- _Activity_:
Each entry below is to be returned exactly, with any pictures left out.

Short descriptive text snippets:
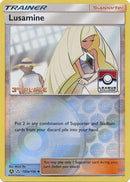 Lusamine (153a/156) (League Challenge Alt Art 3rd Place) [Sun & Moon: Ultra Prism] - Waypoint Games CA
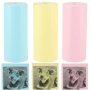 Thermopapierrollen, farbig, 5,7 cm x 3 m, 3er-Pack - BPA-frei Thermopapierrollen, farbig, 5,7 cm x 3 m, 3er-Pack - BPA-frei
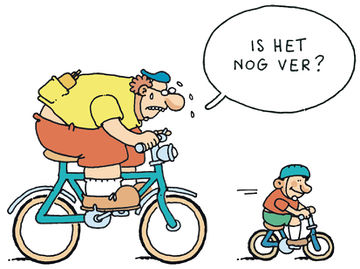 Fietspuzzeltocht op Hemelvaartsdag donderdag 29 mei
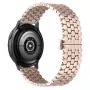 Beline Watch Strap 20mm Metaal Honingraat Roségoud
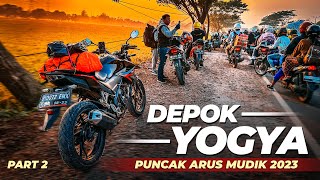 Euforia Mudik Lebaran 2023 di Jalur Pantura, Gokil 3x !!! | Motoran Depok - Jogja #2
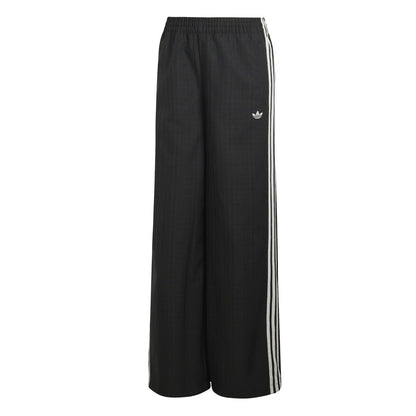 adidas originals LOOSE CHECK TRACK ﾌﾞﾗｯｸ
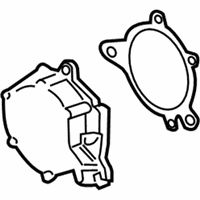 OEM 2019 Ford F-250 Super Duty Vacuum Pump - HC3Z-2A451-A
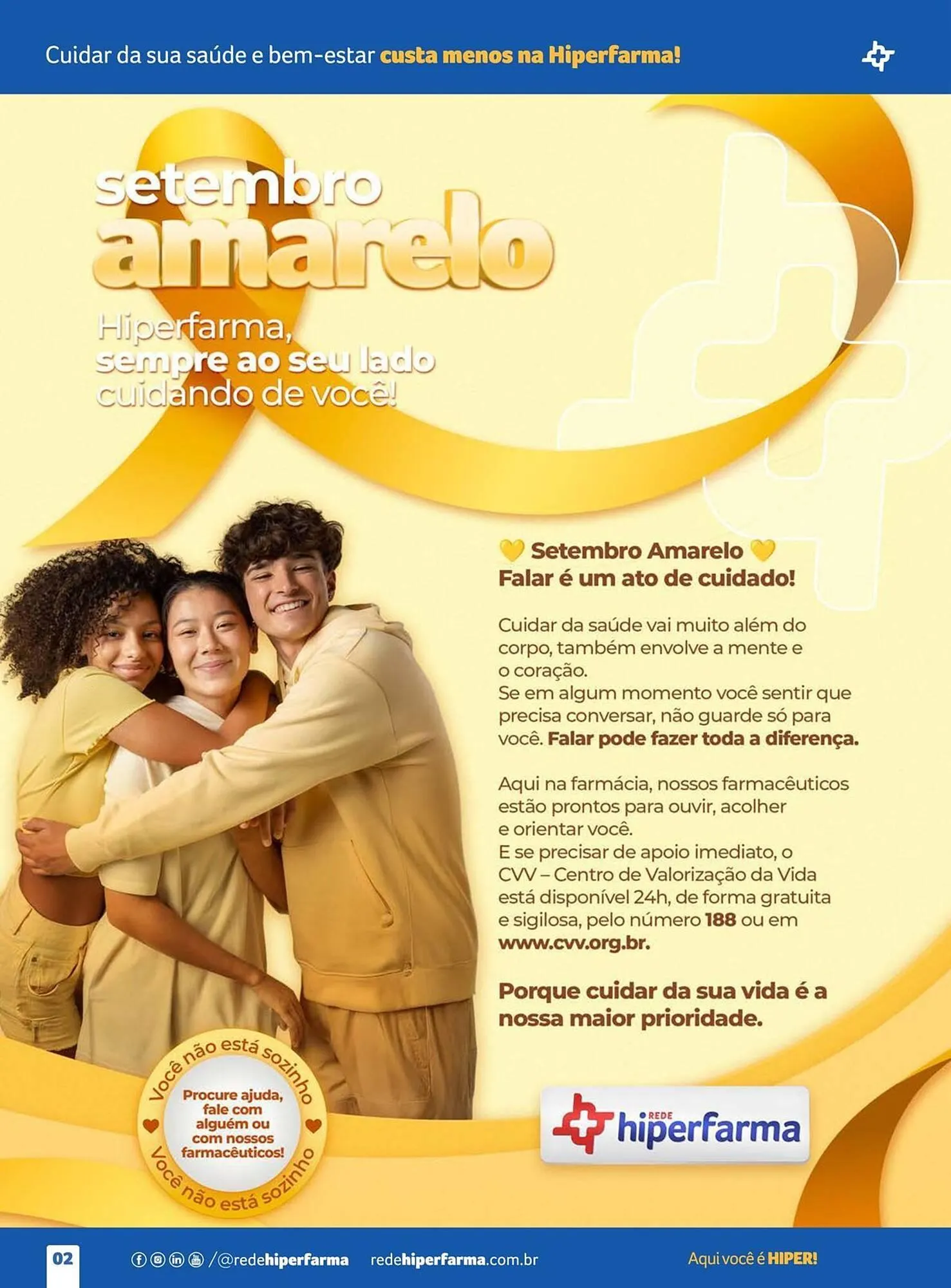 Encarte de Catálogo Hiper Farma 5 de setembro até 4 de outubro 2025 - Pagina 2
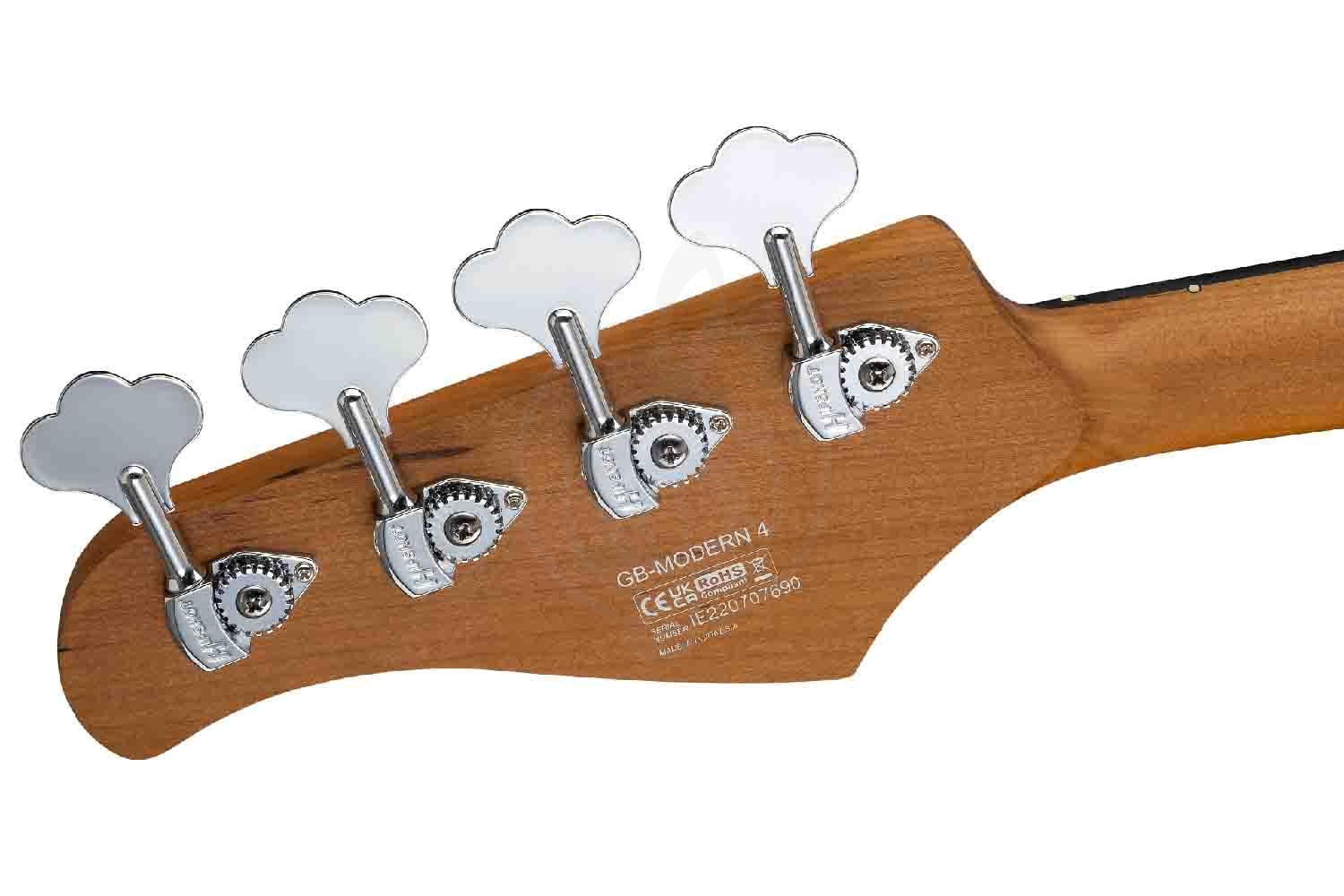 Бас-гитара Cort GB-Modern-4-OPVN GB Series - Бас-гитара, цвет натуральный, с чехлом, Cort GB-Modern-4-OPVN GB Series в магазине DominantaMusic - фото 4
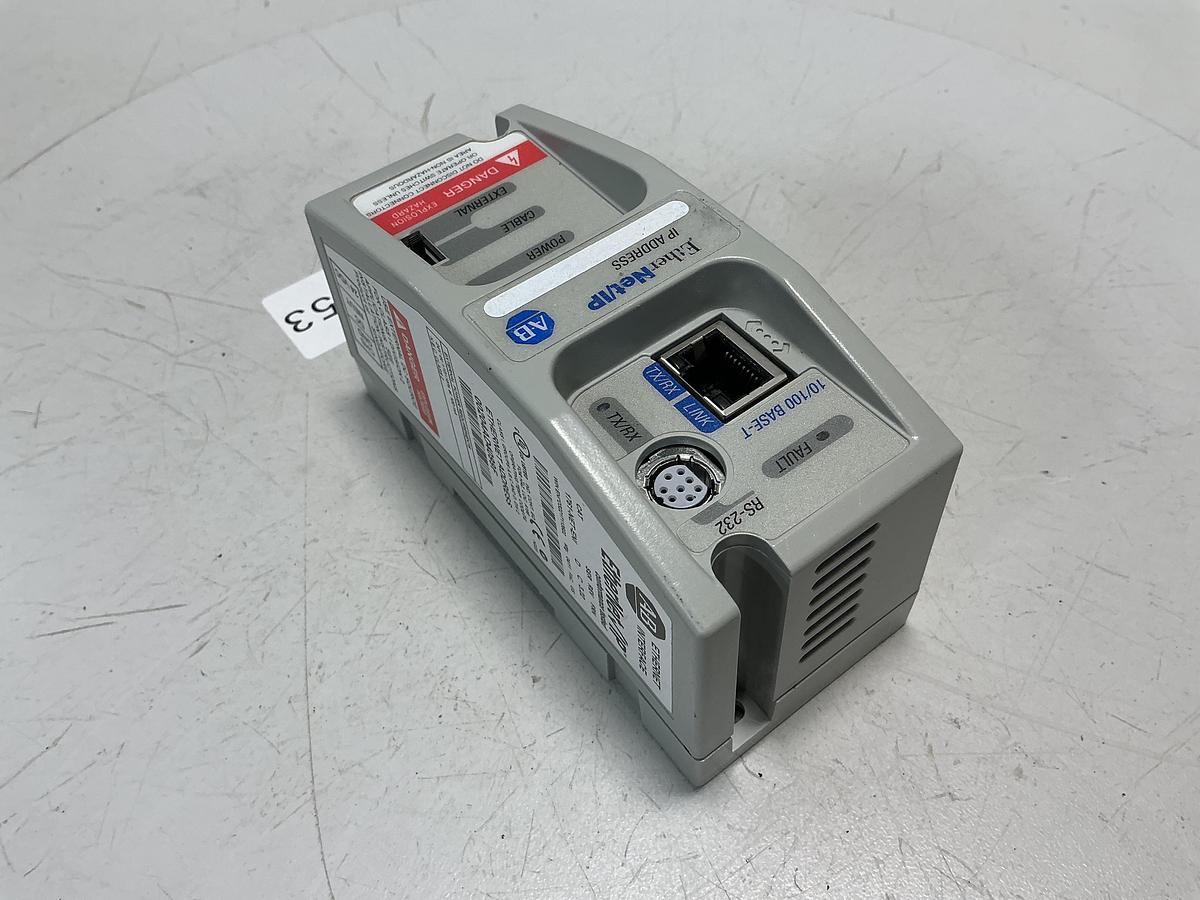 Used ALLEN BRADLEY 1761-NET-ENI SER.D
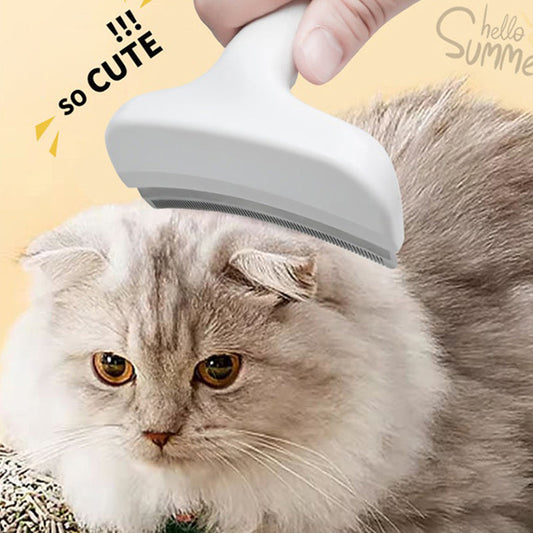 🐾 MOST 50% KEDVEZMÉNY! ✨ Hatékony állatszőr-eltávolító fésű – gyengéden eltávolítja a hulló szőrszálakat anélkül, hogy irritálná a bőrt, ergonómikus fogantyúval 🐶🐱
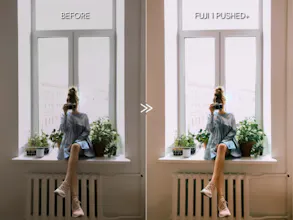 Bright Vibrant FUJIFILM Lightroom Preset gallery image
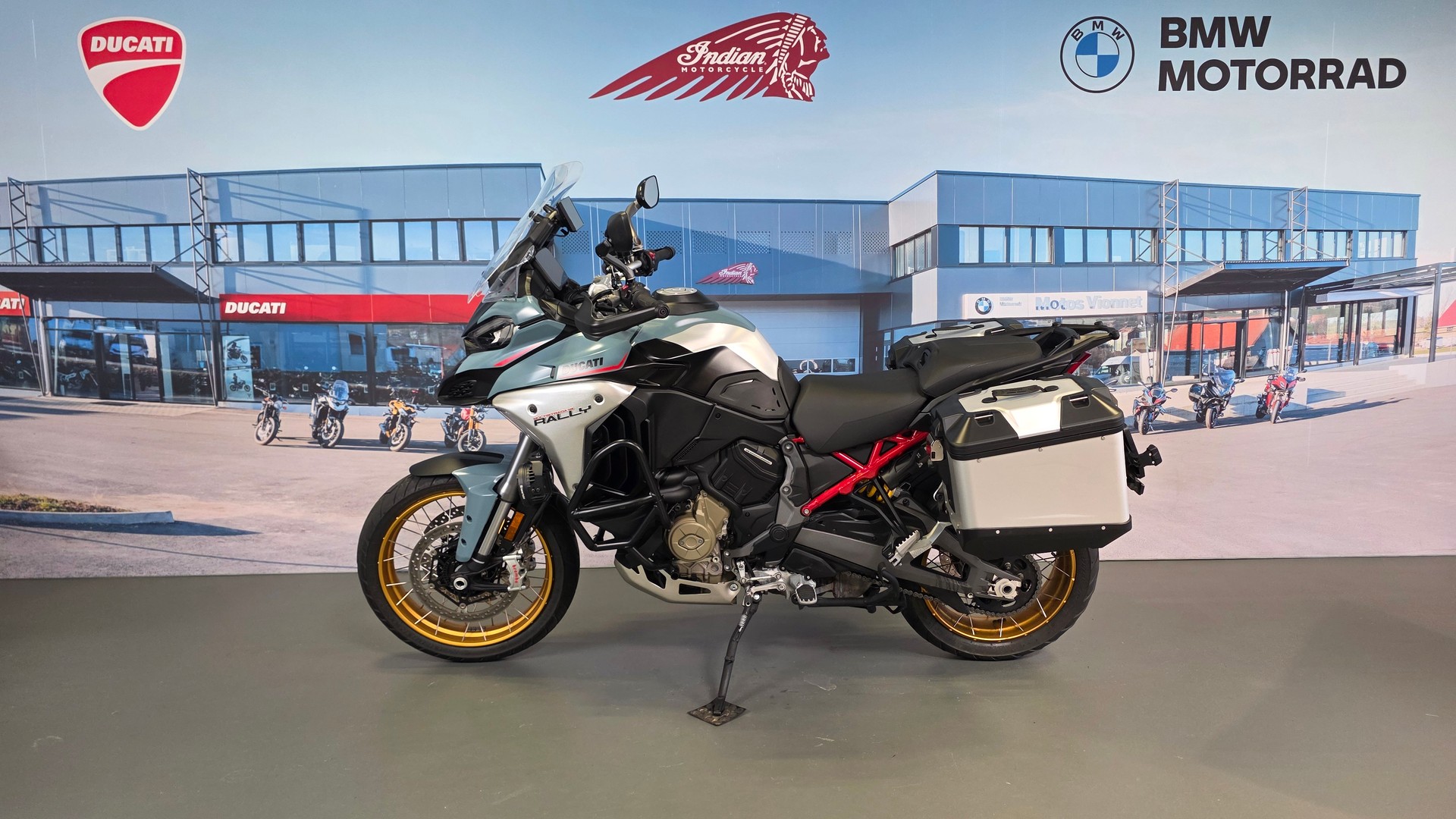DUCATI Multistrada V4 Rally Travel & Radar en dépôt-vente-image-3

- _Task solution_:
 Lusamine (153a/156) (League Challenge Alt Art 3rd Place) [Sun & Moon: Ultra Prism] - Waypoint Games CA
 Thermopapierrollen, farbig, 5,7 cm x 3 m, 3er-Pack - BPA-frei Thermopapierrollen, farbig, 5,7 cm x 3 m, 3er-Pack - BPA-frei
 Fietspuzzeltocht op Hemelvaartsdag donderdag 29 mei
 Beline Watch Strap 20mm Metaal Honingraat Roségoud
 Euforia Mudik Lebaran 2023 di Jalur Pantura, Gokil 3x !!! | Motoran Depok - Jogja #2
 adidas originals LOOSE CHECK TRACK ﾌﾞﾗｯｸ
 OEM 2019 Ford F-250 Super Duty Vacuum Pump - HC3Z-2A451-A
 Encarte de Catálogo Hiper Farma 5 de setembro até 4 de outubro 2025 - Pagina 2
 Бас-гитара Cort GB-Modern-4-OPVN GB Series - Бас-гитара, цвет натуральный, с чехлом, Cort GB-Modern-4-OPVN GB Series в магазине DominantaMusic - фото 4
 Used ALLEN BRADLEY 1761-NET-ENI SER.D
 🐾 MOST 50% KEDVEZMÉNY! ✨ Hatékony állatszőr-eltávolító fésű – gyengéden eltávolítja a hulló szőrszálakat anélkül, hogy irritálná a bőrt, ergonómikus fogantyúval 🐶🐱
 Bright Vibrant FUJIFILM Lightroom Preset gallery image
DUCATI Multistrada V4 Rally Travel & Radar en dépôt-vente-image-3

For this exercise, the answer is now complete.